Problem investigated: The Grahamstown National Arts Festival is one of the most important arts festivals on the South African cultural calendar. Diverse entrepreneurs make use of the opportunities created by the festival. However, these entrepreneurs are heavily influenced by their cultural traits. This is because culture has an effect on the general decision making, standards, the behavioural patterns and ways of behaviour in SMMEs (small, medium and micro-enterprises). With the festival's significant annual growth and its economic value in mind, determining the role that culture plays on the individuals' motivation to embark on an entrepreneurial career is essential. How this influences the way they perceive their role at the festival is of vital importance to the festival marketers, organisers and even the South African Government (since it is largely responsible for creating a favourable entrepreneurial climate in the country).

Design and methodology: Within the study, a distinction was made between different cultural groups at the Grahamstown National Arts Festival: White entrepreneurs, Black entrepreneurs, Indian entrepreneurs and Coloured entrepreneurs. ANOVAs were used to determine whether there were differences between these cultures.

Findings and/or implications: The results of the study showed statistically significant cultural differences between these groups based on their socio-demographic characteristics, entrepreneurial attributes, motivation to attend as well as their perceived role at the festival.

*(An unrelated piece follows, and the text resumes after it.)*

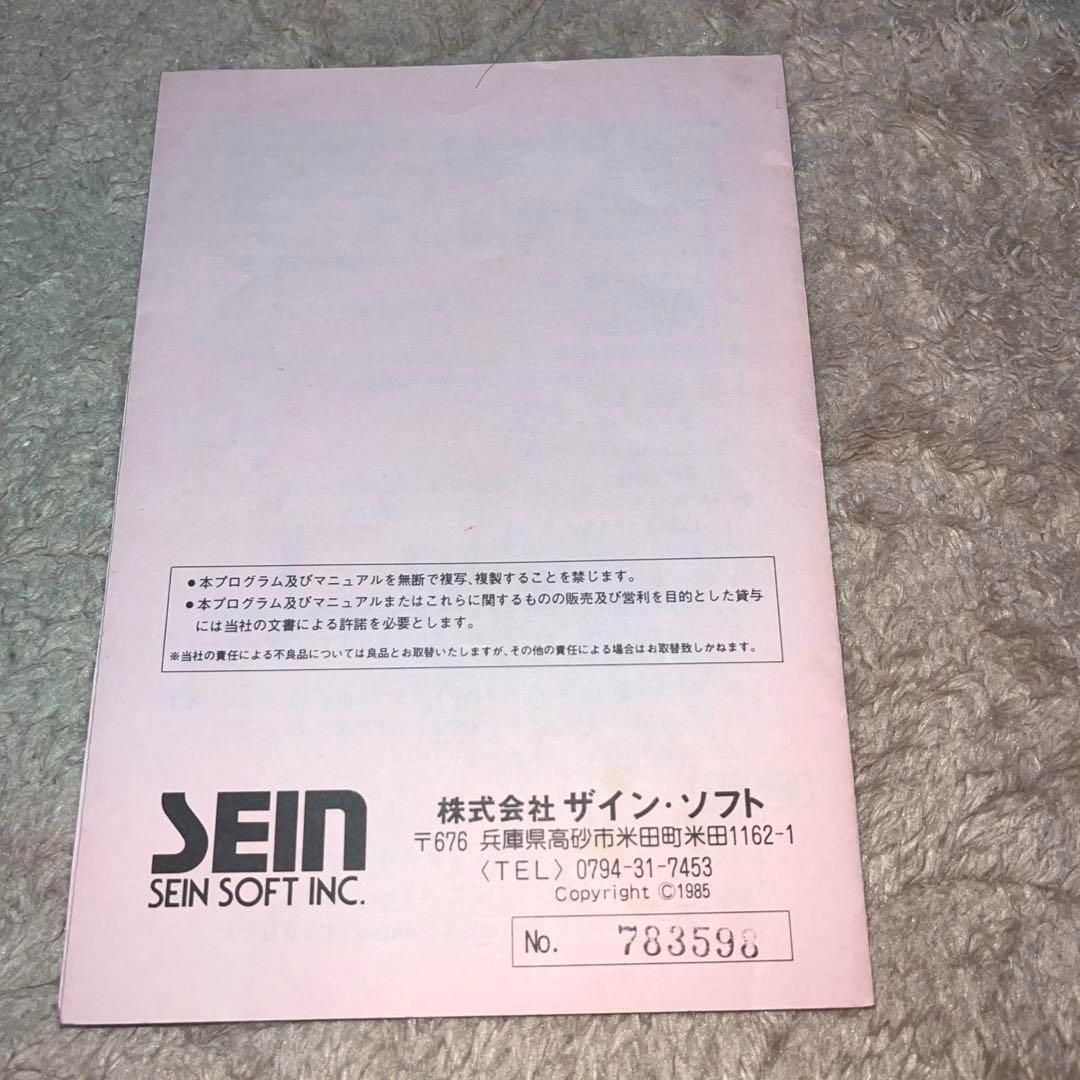 希少】トリトーン A REAL TIME ROLE-PLAYING ☆MSX☆ ＠＠ - メルカリ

Originality and/or value of the research: This was the first time that research of this kind was conducted at a national arts festival in South Africa. The research has shown that by acknowledging and managing entrepreneurs' unique characteristics and traits represented by different cultural subgroups at the festival, a thriving entrepreneurial environment can be ensured.

Conclusion: With the aim of achieving a successful entrepreneurial environment, factors that promote cross cultural entrepreneurship need to be an integral facet of entrepreneur-directed education, training and management as this will develop a positive orientation to entrepreneurship.